Celui qui arrache le faible de la main des forts, et qui protège le pauvre et le malheureux contre la violence; celui qui brise la mâchoire des méchants, et qui retire la proie de leurs dents, peut-il, en accomplissant son oeuvre, contempler en paix la gloire de la Majesté divine? Celui qui fait l'aumône aux pauvres, et qui reçoit charitablement la foule des étrangers, peut-il , lorsque son coeur est attentif aux besoins de ses frères , sonder la profondeur de la félicité suprême? peut-il, au milieu des soins et des angoisses de la vie, s'isoler des malheurs de la terre, pour ne penser qu'au bonheur du ciel? Aussi David, qui savait que le seul bien de l'homme est de s'unir sans cesse à Dieu, disait-il : « Pour moi, il m'est bon de m'attacher à Dieu, et de mettre dans le Seigneur toute mon espérance. » (Ps. LXXII, 28.) Mais l'Ecclésiaste nous apprend qu'il n'y a pas de juste qui puisse le faire parfaitement : « Il n'y a pas , dit-il , d'homme juste sur la terre, qui fasse le bien et ne pèche pas. » (Eccl., 21.)

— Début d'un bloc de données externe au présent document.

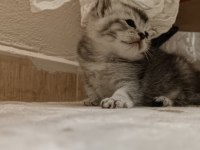 Kedimiz Çakırı sahiplenir misin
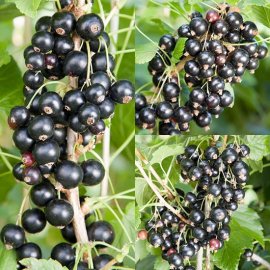 (image for) Long Season Blackcurrant Collection (3 Bushes)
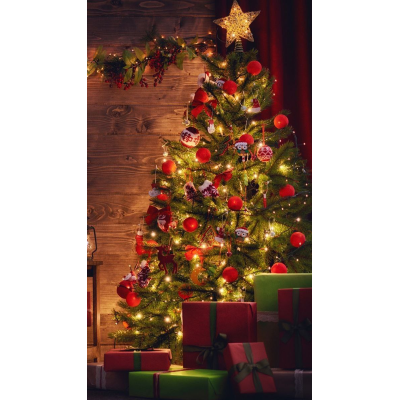 Новогодний мастер-класс Сани Деда Мороза. Лилия Четверикова 2022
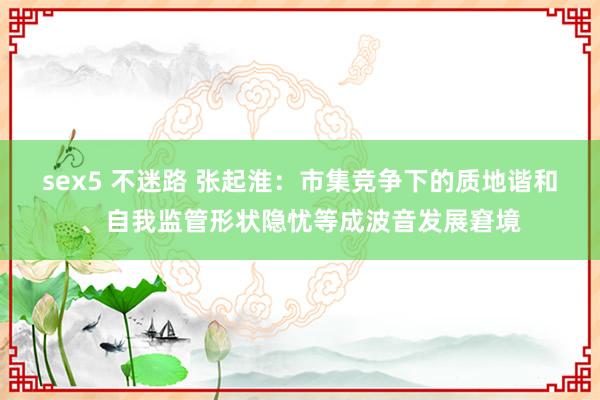 sex5 不迷路 张起淮:市集竞争下的质地谐和、自我监管形状隐忧等成波音发展窘境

Quel saint a jamais pu , dans les liens de son corps, posséder tellement le souverain Bien, qu'il n'ait cessé un instant de le contempler sans en être séparé par aucune pensée de la terre? Ne lui a-t-il pas fallu quelquefois s'occuper de sa nourriture , du vêtement et des autres nécessités de la vie? N'a-t-il pas dû recevoir ses frères, changer de lieu, construire une cellule, solliciter le secours de quelqu'un, et s'inquiéter dans ses besoins, de manière à encourir ce reproche de Notre-Seigneur : « Ne vous inquiétez pas de la nourriture de votre vie , ni du vêtement de votre corps? » (S. Matth., VI, 25.) Nous pouvons dire en toute assurance que saint Paul, dont les travaux surpassent ceux des autres saints, ne jouissait pas de ce bonheur, puisqu'il dit à ses disciples, dans les Actes des Apôtres : «Vous savez que ces mains ont travaillé pour gagner ce qui était nécessaire, à moi et à ceux qui m'accompagnaient. » (Act., XX, 34.) Il écrit aussi aux Thessaloniciens qu'il a travaillé, nuit et jour, avec peine et fatigue. » (I Thess., III, 8.) Et quoique ces travaux fussent pour lui l'occasion de grands mérites, son âme, si sainte et si élevée, ne pouvait cependant éviter d'être détachée quelquefois de la contemplation céleste , par ces préoccupations des choses terrestres. D'un côté, il se voit récompensé par des fruits si consolants, et de l'autre, il pèse le bonheur de la contemplation; il compare le profit de ses travaux aux délices de l'union divine, et s'il se réjouit du bien immense qu'il fait, le désir qu'il a d'être enfin tout entier avec Jésus-Christ, le porte à souhaiter la destruction de son corps, et, dans son hésitation, il s'écrie : a Je ne sais que choisir, et je me trouve pressé de deux côtés; je voudrais mourir, et être avec le Christ, car c'est de beaucoup le meilleur; mais rester en cette vie serait plus utile pour vous. (Phil., 1, 23.)